Conventional wisdom has stated that employers prefer younger workers. However, a recent study conducted by Adecco, a prominent Switzerland-based HR consulting firm, surveyed 501 hiring managers and discovered that they were much more inclined to hire mature workers (those over the age of 50) than a Millennial (someone born between the years of 1981 and 2000). This Adecco survey dispels a few long-held myths about the hirability of mature employees. In fact, the study revealed that 60 percent of the employers questioned were likely to hire mature workers while only 20 percent were likely to hire Millennials. That’s a three-to-one preference.
Why do Many Employers Prefer Mature Workers?
As an employer, you need to understand what drives the hiring decisions of other companies in order to determine how beneficial they may be to your own. As surprising as it seems that so many companies are interested in hiring older, more mature employees, rather than up and coming movers and shakers, there are quite a few solid reasons for them doing so. These are a couple at the top of the list for many employers.
Reliability – This characteristic provides the widest disparity between the two with 91 percent of employers believing mature workers to be reliable and only two percent who find that Millennials are reliable as well.
Professionalism – Not only does this matter during the interview process, but in the office as well. Mature workers are much more likely — to the tune of 88 percent — to dress appropriately for the interview and behave in a professional manner at all times after being hired, according to survey results, in the minds of employers.
There are many other areas where mature workers outscored Millennials in the survey. They included:
- Listening skills
- Work ethics
- Problem solving ability
- Leadership/Management skills
That said, while mature workers have a distinct advantage in the perception of not posting inappropriate material via social media compared to Millennials; networking and the use of social media is one area where Millennials score higher in the survey. It’s one of the indicators that mature workers in the job market might want to brush up on their technological prowess before passing out resumes if possible so that they can enjoy another edge over the younger workers competing for the same positions.
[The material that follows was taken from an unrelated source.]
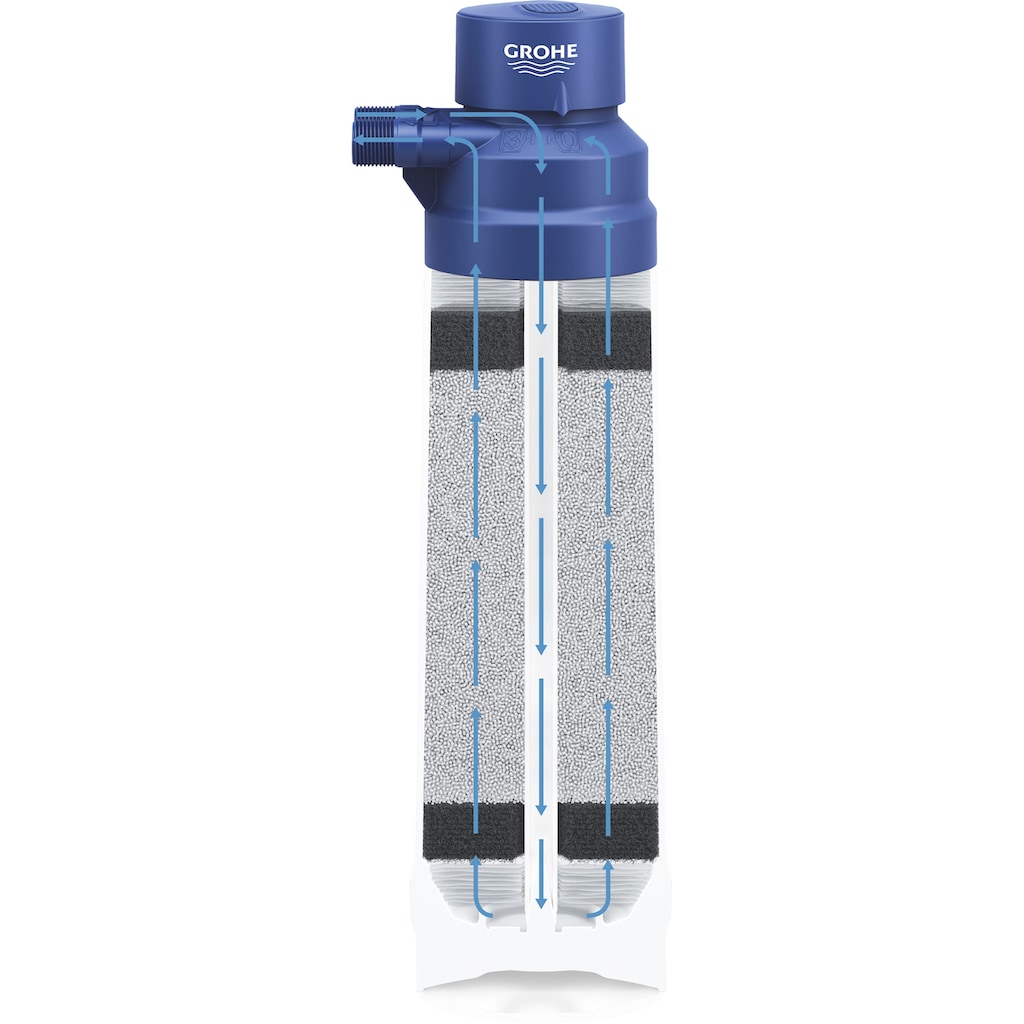Grohe Wasserfilter »Blue«, (Packung)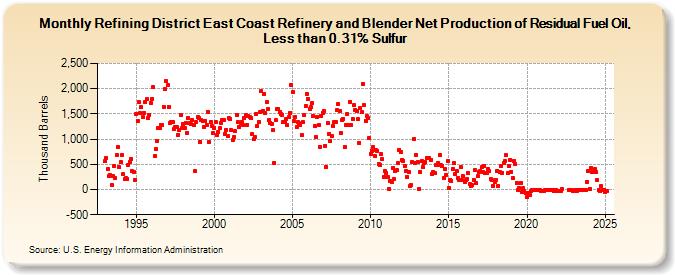 Refining District East Coast Refinery and Blender Net Production of Residual Fuel Oil, Less than 0.31% Sulfur (Thousand Barrels)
For the typical employer, however, mature workers have a lot to offer that’s missing in Millennial workers who have a very limited scope of reference when it comes to work ethic, distracted working, and professionalism.
Hiring managers, unfortunately, are often turned off by the higher salary expectations mature workers have. It can be a stalling point if employers allow it to be. However, it can also be an excellent negotiating point. Not all mature workers feel that their salary expectations are take it or leave it propositions. In fact, many of them have other “perks” you can throw in to make the job more attractive to them—even if they do offer a lower than expected salary. Many mature workers have a full family life, so a flexible work schedule or opportunity to telecommute one day per week is a well-perceived perk.
The bottom line is that mature workers are in high demand for good reasons. Companies that fail to consider them are only hurting themselves by missing out on the strong work ethics, professionalism, experience, and reliability mature workers bring to the table. Even in companies that rely on new technological advances and industry, mature workers bring wisdom and strength to the table that few Millennials can hope to match.